___ Data provided
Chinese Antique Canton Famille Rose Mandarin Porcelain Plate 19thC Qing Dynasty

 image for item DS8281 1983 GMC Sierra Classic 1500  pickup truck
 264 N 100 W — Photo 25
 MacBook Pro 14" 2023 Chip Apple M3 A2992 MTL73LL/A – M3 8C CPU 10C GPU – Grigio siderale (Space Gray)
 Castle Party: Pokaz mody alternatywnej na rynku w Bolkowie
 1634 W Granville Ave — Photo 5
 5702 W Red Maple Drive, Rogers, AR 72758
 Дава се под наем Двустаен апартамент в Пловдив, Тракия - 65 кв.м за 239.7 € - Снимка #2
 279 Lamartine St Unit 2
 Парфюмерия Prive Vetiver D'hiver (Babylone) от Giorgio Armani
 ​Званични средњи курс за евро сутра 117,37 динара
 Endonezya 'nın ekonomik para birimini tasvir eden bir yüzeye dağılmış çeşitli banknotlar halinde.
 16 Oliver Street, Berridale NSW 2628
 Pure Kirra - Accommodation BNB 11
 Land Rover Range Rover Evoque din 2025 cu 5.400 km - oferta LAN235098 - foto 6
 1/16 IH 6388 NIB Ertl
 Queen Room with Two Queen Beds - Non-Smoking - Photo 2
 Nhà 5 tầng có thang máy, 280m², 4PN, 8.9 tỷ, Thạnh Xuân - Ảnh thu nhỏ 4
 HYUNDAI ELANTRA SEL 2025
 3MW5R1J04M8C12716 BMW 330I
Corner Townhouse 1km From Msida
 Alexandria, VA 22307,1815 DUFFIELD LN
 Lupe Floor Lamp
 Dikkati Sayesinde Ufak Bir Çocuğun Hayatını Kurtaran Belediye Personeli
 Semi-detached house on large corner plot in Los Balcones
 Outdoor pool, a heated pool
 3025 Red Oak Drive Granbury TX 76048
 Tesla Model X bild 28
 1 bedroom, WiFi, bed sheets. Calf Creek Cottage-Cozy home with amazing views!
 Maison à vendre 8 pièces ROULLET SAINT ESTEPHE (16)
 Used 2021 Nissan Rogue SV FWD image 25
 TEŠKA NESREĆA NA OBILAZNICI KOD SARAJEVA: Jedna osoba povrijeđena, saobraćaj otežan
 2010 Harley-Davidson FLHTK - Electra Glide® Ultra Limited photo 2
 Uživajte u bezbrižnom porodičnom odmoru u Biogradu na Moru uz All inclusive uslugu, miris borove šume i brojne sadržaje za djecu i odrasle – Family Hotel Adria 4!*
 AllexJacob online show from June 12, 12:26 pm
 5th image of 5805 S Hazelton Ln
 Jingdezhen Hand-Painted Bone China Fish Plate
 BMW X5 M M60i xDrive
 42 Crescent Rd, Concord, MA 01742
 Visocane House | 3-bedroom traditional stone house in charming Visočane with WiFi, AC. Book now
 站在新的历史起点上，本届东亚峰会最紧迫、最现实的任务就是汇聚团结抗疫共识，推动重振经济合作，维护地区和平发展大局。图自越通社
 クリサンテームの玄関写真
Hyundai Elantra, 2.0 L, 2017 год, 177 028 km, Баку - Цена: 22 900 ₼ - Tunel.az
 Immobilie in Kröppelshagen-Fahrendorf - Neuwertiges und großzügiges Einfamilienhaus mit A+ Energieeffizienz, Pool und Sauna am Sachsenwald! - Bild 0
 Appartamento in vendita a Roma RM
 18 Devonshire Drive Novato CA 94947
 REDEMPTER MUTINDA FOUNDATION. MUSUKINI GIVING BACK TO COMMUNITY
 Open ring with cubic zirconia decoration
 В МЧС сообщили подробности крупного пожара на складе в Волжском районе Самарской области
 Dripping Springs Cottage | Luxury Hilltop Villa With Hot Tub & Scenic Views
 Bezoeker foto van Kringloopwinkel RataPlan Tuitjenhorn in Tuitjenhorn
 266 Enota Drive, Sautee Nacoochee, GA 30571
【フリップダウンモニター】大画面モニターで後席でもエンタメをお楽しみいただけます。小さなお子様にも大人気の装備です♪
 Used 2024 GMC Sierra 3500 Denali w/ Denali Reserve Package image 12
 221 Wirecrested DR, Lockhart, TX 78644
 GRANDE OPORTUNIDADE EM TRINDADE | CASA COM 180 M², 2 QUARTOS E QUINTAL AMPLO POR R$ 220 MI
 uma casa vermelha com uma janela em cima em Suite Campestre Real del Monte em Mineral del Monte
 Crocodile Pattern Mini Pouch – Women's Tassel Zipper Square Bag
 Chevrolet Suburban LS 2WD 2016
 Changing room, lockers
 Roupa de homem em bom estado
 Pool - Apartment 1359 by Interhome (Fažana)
______
» Required work:
Search the entries above for the string "WiFi", and report each line where it occurs.

» Your solution:
 1 bedroom, WiFi, bed sheets. Calf Creek Cottage-Cozy home with amazing views!
 Visocane House | 3-bedroom traditional stone house in charming Visočane with WiFi, AC. Book now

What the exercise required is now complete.